** What you are asked to do **
When you reach the line that contains "#katiecrossphotography #newbaby #newbornphotographer" below, transcribe it and each line after it word for word to the end of the records, omitting pictures.

++++++++

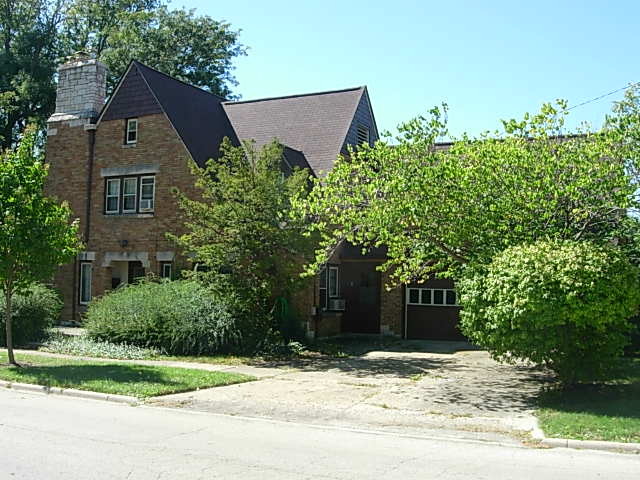 323 Sunset Ave, Aurora, IL 60506 photo 3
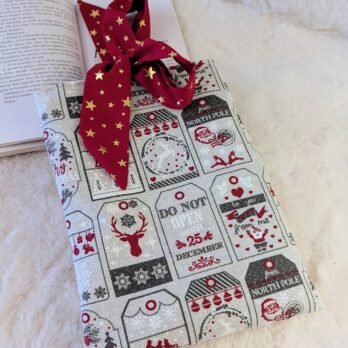 Protège livre format poche ,avec Nœud rouge  ,des étiquettes de Noel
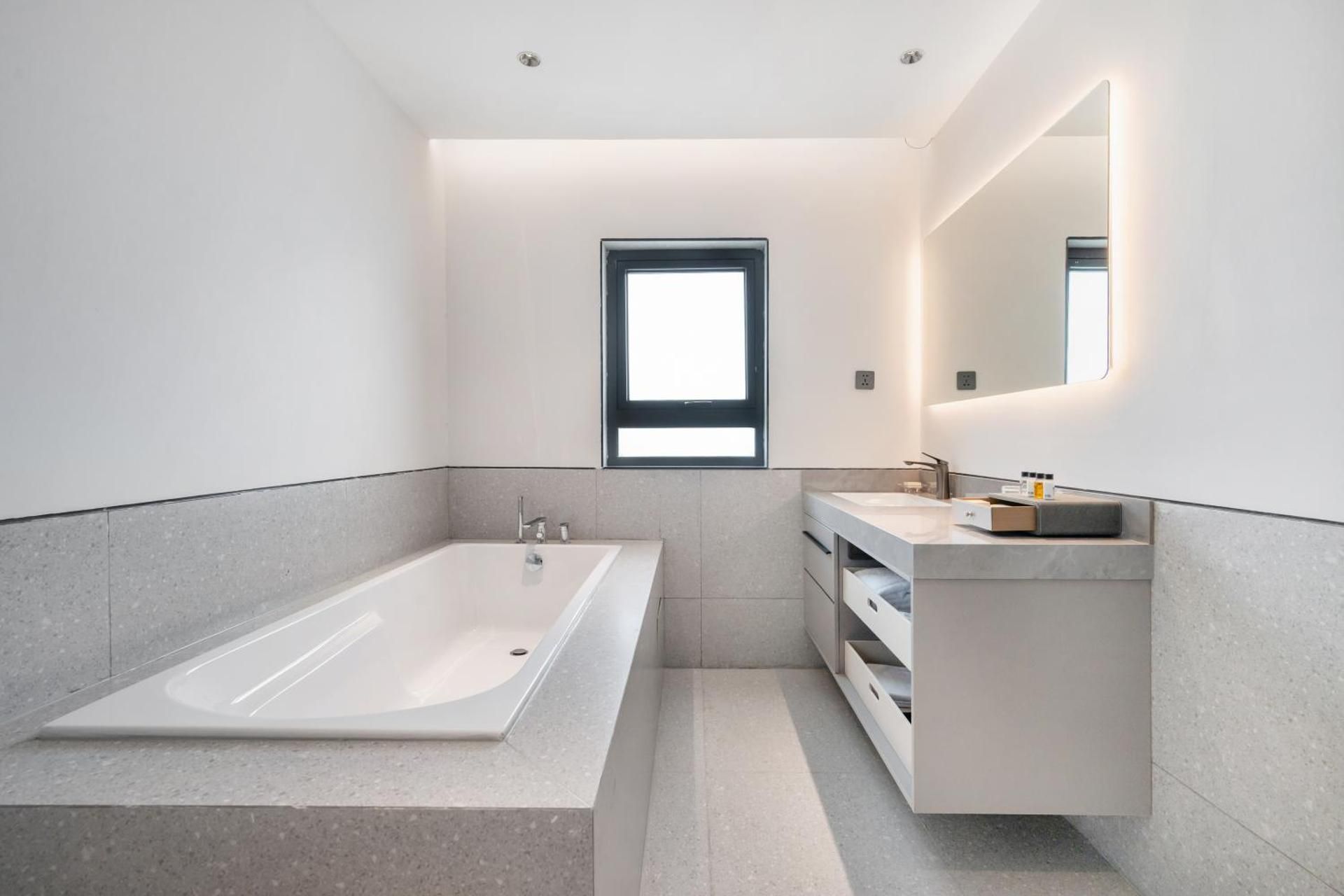 Premier One-Bedroom Pool Villa (Extra-Large Terrace)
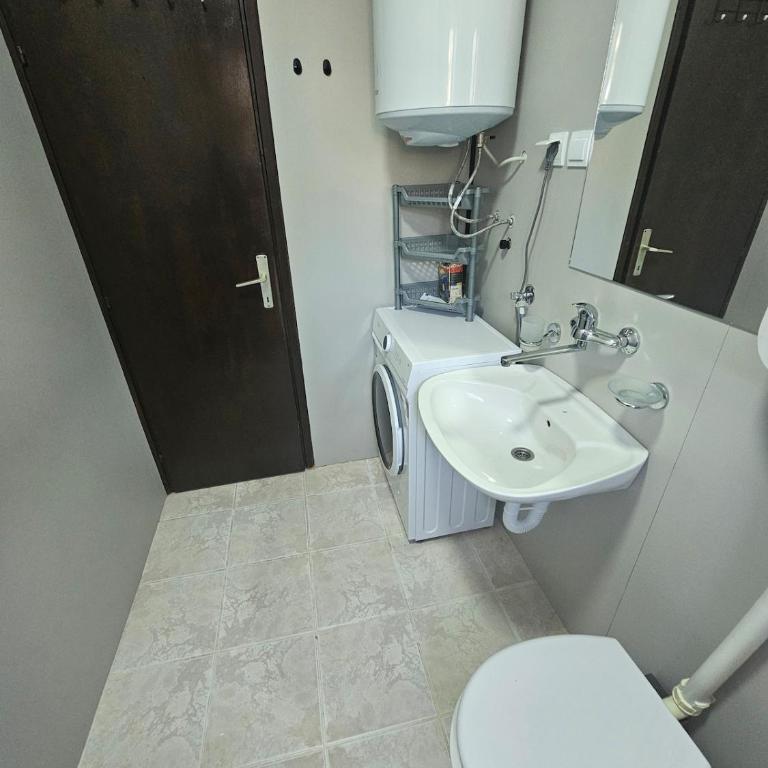 Andrej & Viktor - Two-Bedroom Apartment - 23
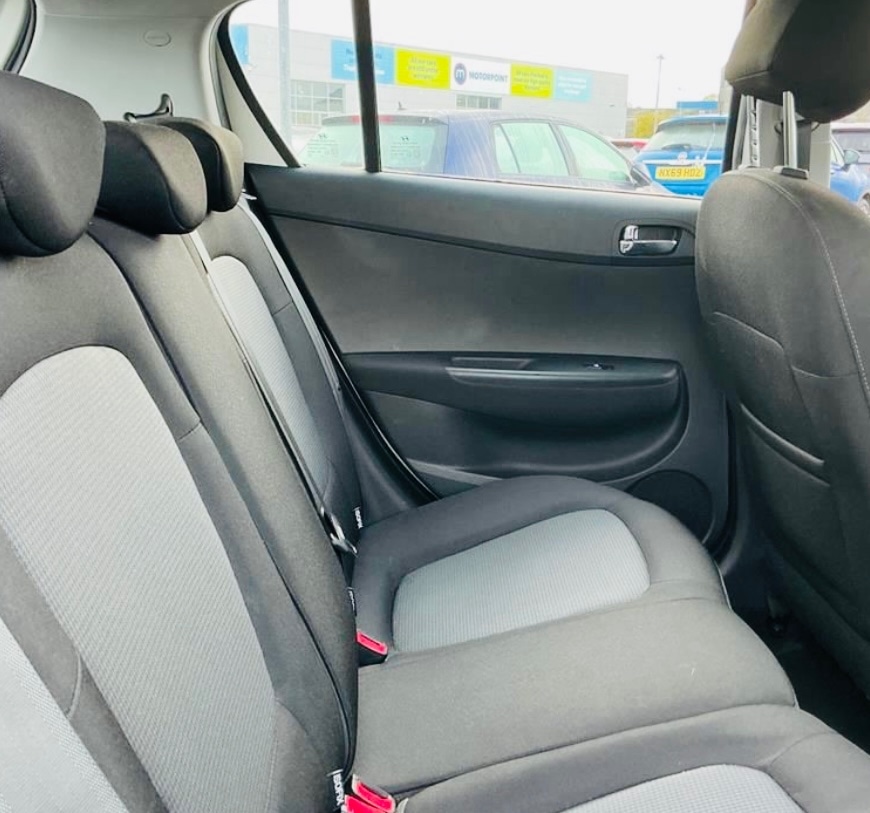 Used Hyundai i20 2014 for sale - 76461952: Photo 7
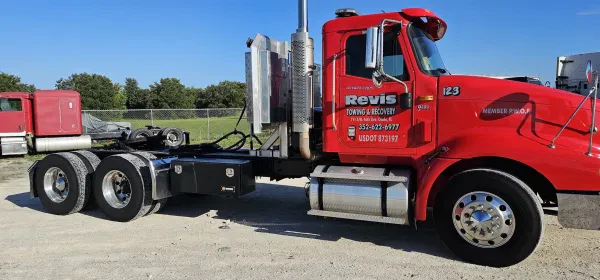 Revis Towing & Recovery of Ocala Inc - photo 3
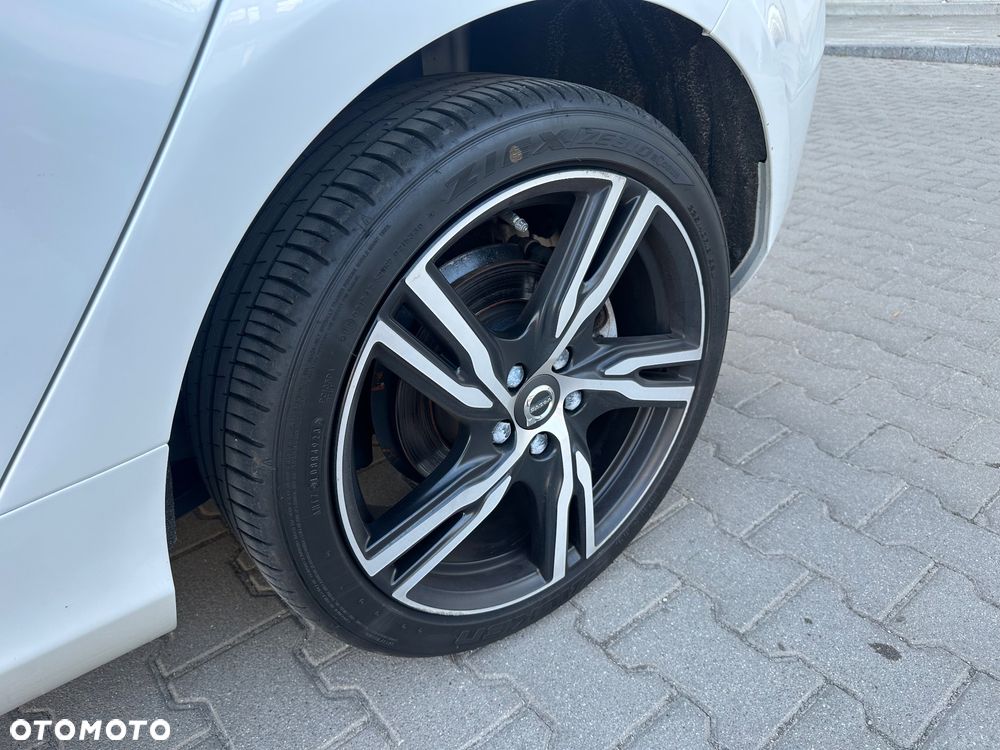 Volvo V40 T2 RDesign - 27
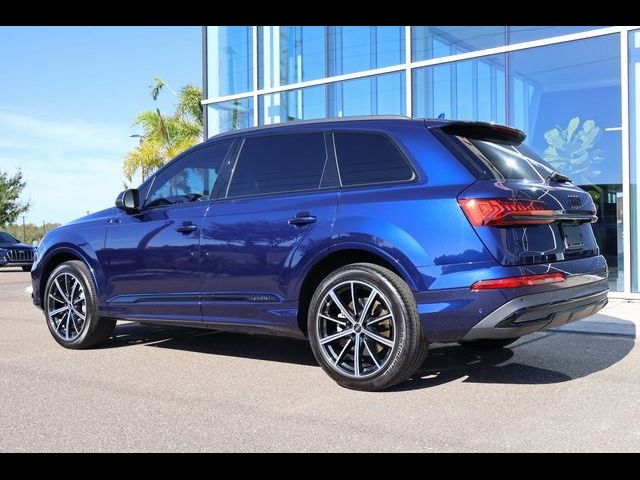 2022 Audi Q7 Premium Plus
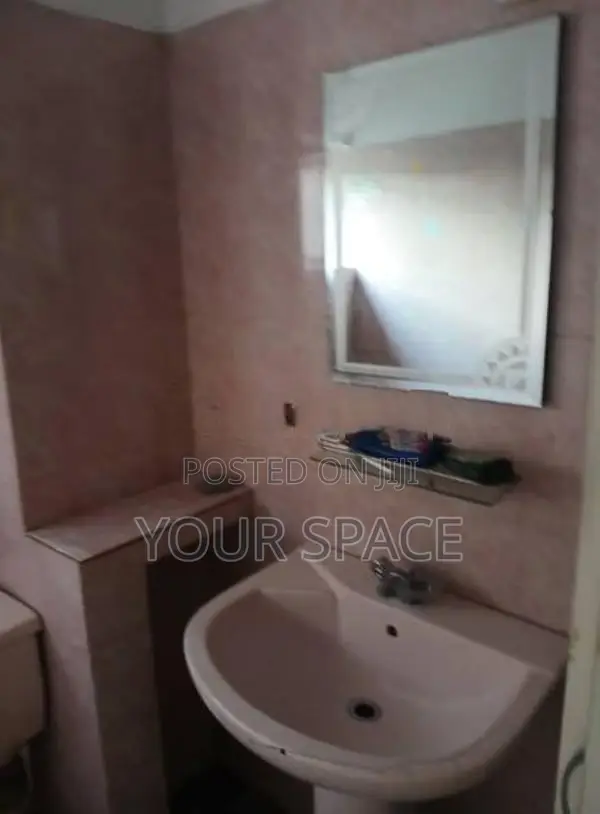 Upper Floor 2 Br House for Rent in Kalubowila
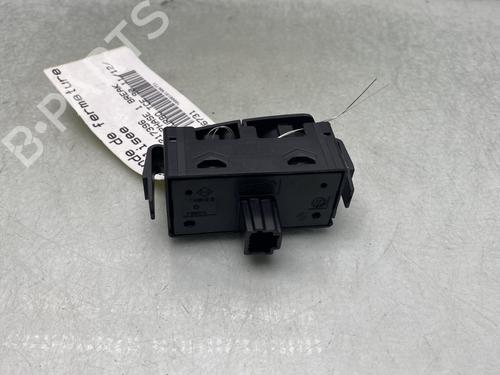 switch-dacia-logan-mcv-ii-2013-24202089 main image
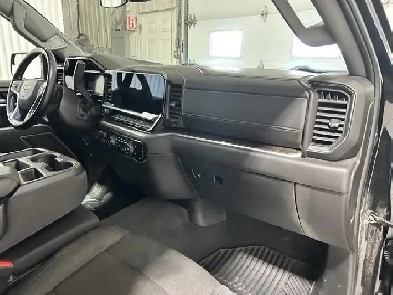 Chevrolet Silverado 1500 LT cabine multiplace 4RM 147 po 2025 à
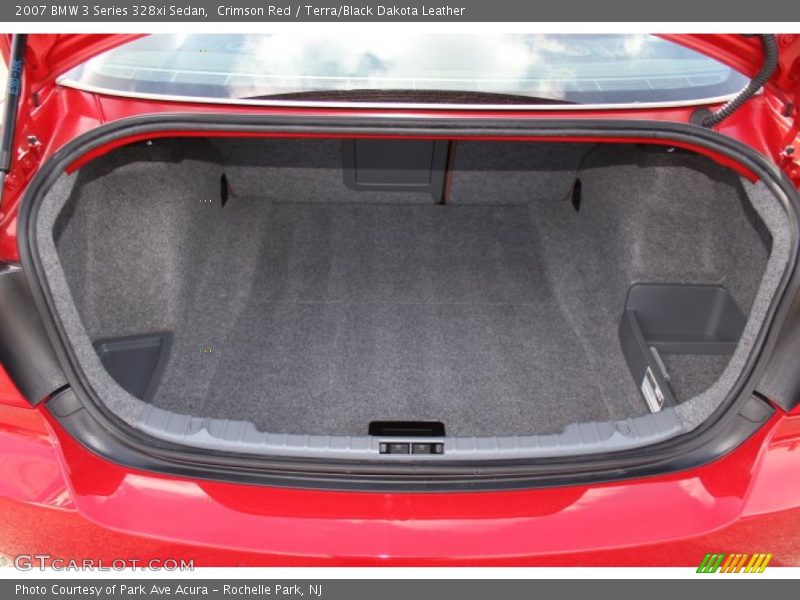  2007 3 Series 328xi Sedan Trunk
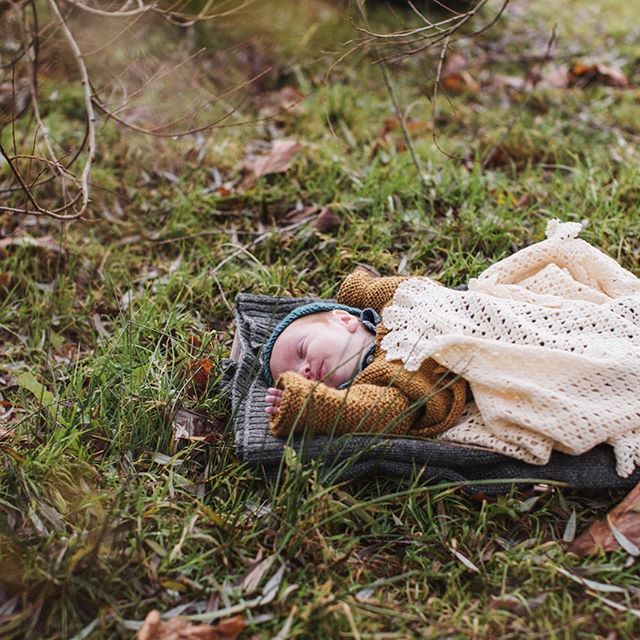 I met a brand new bubba this morning and I&rsquo;m reeeeaaallly trying to remember why i&rsquo;m not pushing hubby for baby number 5 🍂⁣
⁣
⁣
⁣
#katiecrossphotography #newbaby #newbornphotographer #vancouvernewbornphotographer #candidchildhood #camera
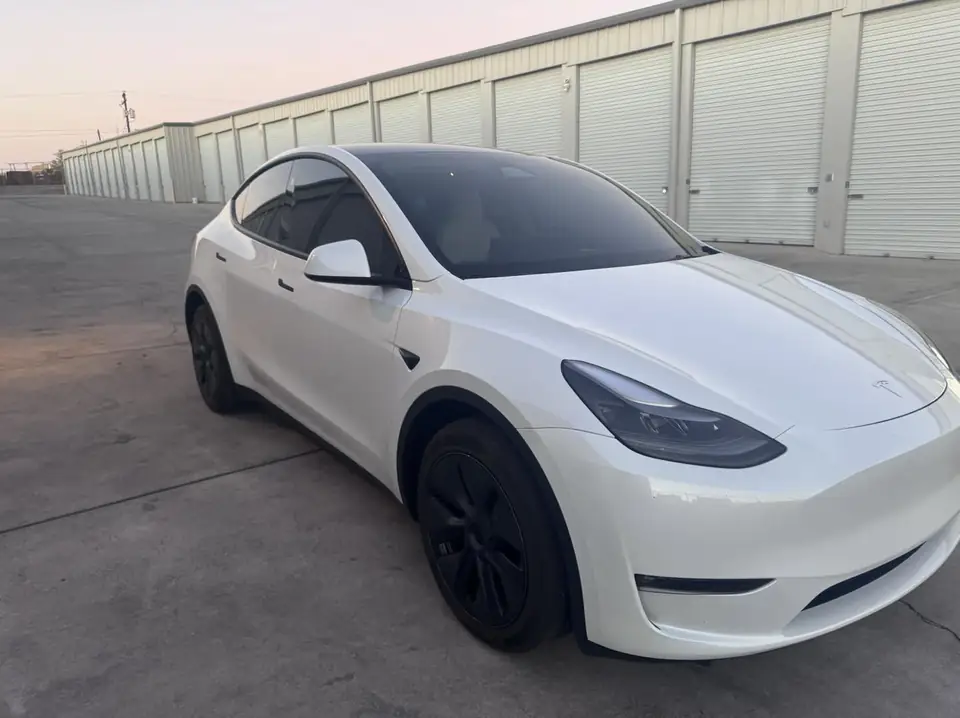 Tesla Model Y windshield tint: 50% C-IR full windshield (view 2)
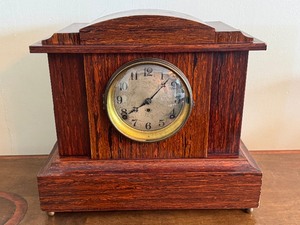 lot 42 image: Vintage Shelf Clock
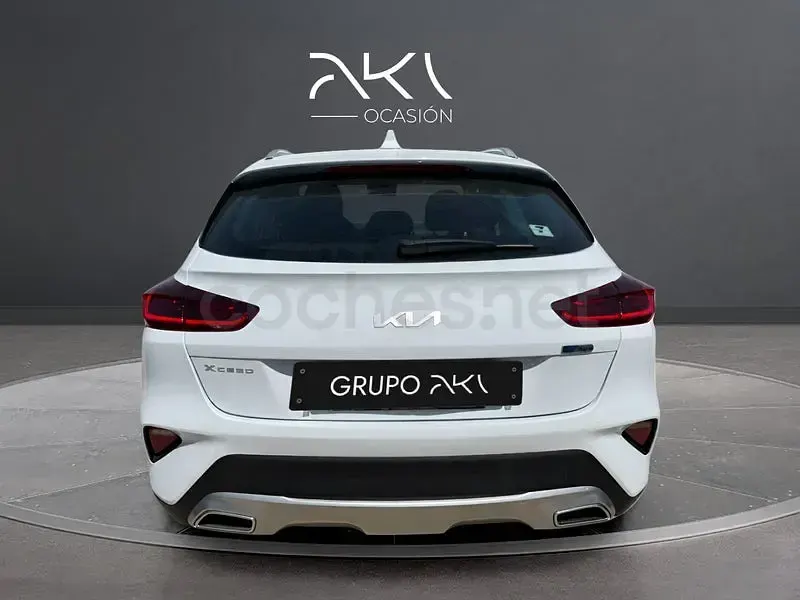 Usado Kia XCeed 141 CV (103 kW) 2022 Blanco SUV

++++++++

** Exercise output **
#katiecrossphotography #newbaby #newbornphotographer #vancouvernewbornphotographer #candidchildhood #camera
 Tesla Model Y windshield tint: 50% C-IR full windshield (view 2)
 lot 42 image: Vintage Shelf Clock
 Usado Kia XCeed 141 CV (103 kW) 2022 Blanco SUV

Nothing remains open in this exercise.